Standardising submit, CallbackSignal and Callback

While the specification of the submit control structure is outside the scope of this paper, we expect that it, and its supporting concepts CallbackSignal and Callback, would be standardised as vocabulary elements to support the development of generic algorithms that rely on this behaviour, as inferred by P1660.

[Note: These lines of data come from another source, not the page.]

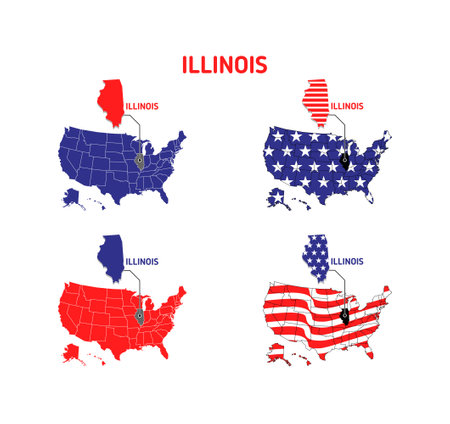 Illinois map with usa flag design illustrationのイラスト素材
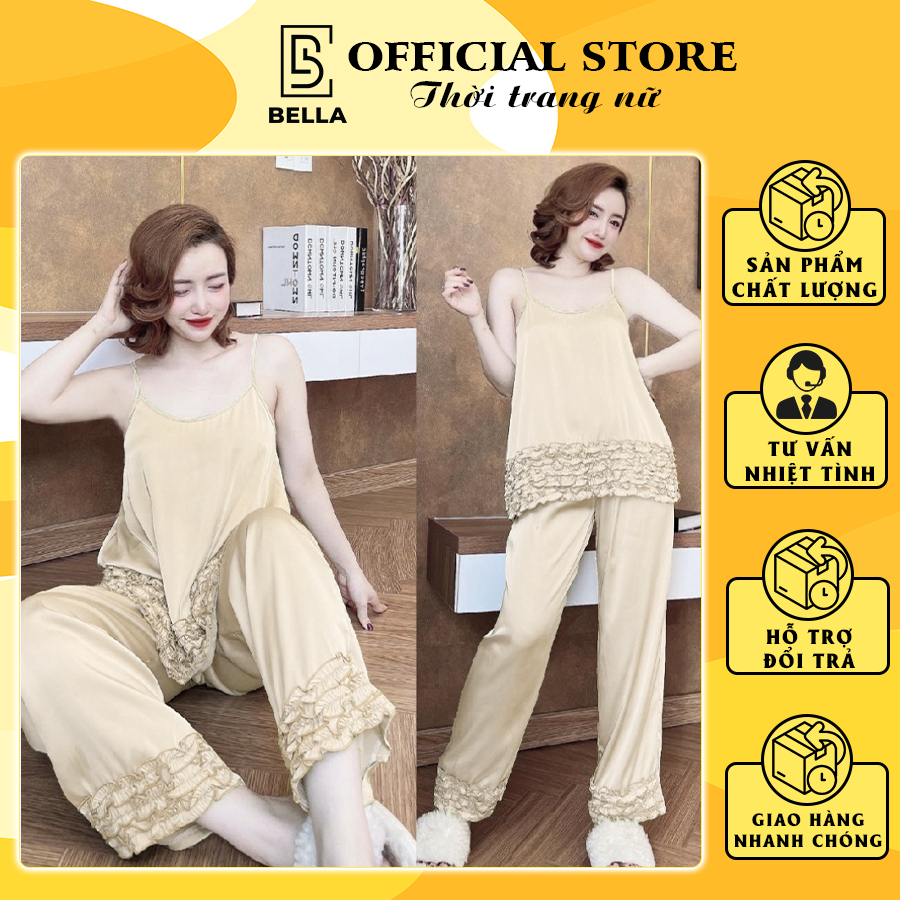 Bộ ngủ nữ Bella.boutique0202 - Đồ bộ ngủ quần dài 2 dây hở lưng, set đồ ngủ sexy vải satin Bella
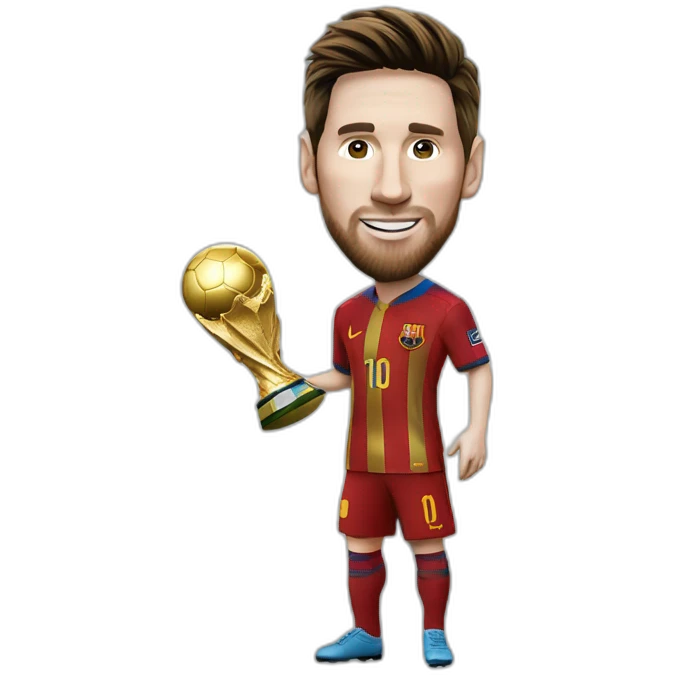 Messi avec coupe du monde et ballon d'or emoji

Outline of proposed changes to P0443 for a Revision 11

These changes are relative to P0443r10:

Remove the existing is_executor trait, the is_executor_v variable template, and all is_executor_v members.
Rename the OneWayExecutor type requirements to Executor.
Rename the is_oneway_executor trait to is_executor, and corresponding is_oneway_executor_v variable template to is_executor_v.
Remove the is_bulk_oneway_executor trait and is_bulk_oneway_executor_v variable template.
Remove the interface changing properties oneway_t and bulk_oneway_t.
Consolidate the polymorphic wrapper in its oneway form as class template executor<>.
Remove the require_concept member, and all uses of can_require_concept_v, from the polymorphic wrapper.
Remove the static_executor_cast member from the polymorphic wrapper.
Combine the specification for static_thread_pool executor types with the execution::oneway property into the general specification of all static_thread_pool executor types.
Remove the specification for static_thread_pool executor types with the execution::bulk_oneway property.
Add a new property on_error_t.
Add a new property polymorphic_on_error_t.
Add a new property on_done_t.
Add a new property polymorphic_on_done_t.

Conclusion

In summary this paper seeks to:

reaffirm the importance of recognising the extensive consensus and compromise embodied in the Unified Executors Proposal for C++, P0443r10 paper.
recap the value and benefits of seeking to accommodate new requirements against the existing extensibility facilities offered by P0443 whose primary purpose is to facilitate this kind of adaption and customisation.
assert that while the additional requirements of P1660 have recognisable value for the target use cases they do, as implemented in P1660, impose unnecessary burden on executor authors of other domains. More directly, as implemented they break one of the key design goals of P0443 which was specifically to support scenarios like this where it is recognised not all requirements are, or should be treated as, universal.
demonstrate that the requirements of P1660 can be met by P0443 with minor extensions to the vocabulary of standardised properties and without breaking the design goals of P0443.

The next steps would be to issue a new revision of P0443 that reflects these changes, and to work with the authors of P1660 to specify standardese for submit and related control structures.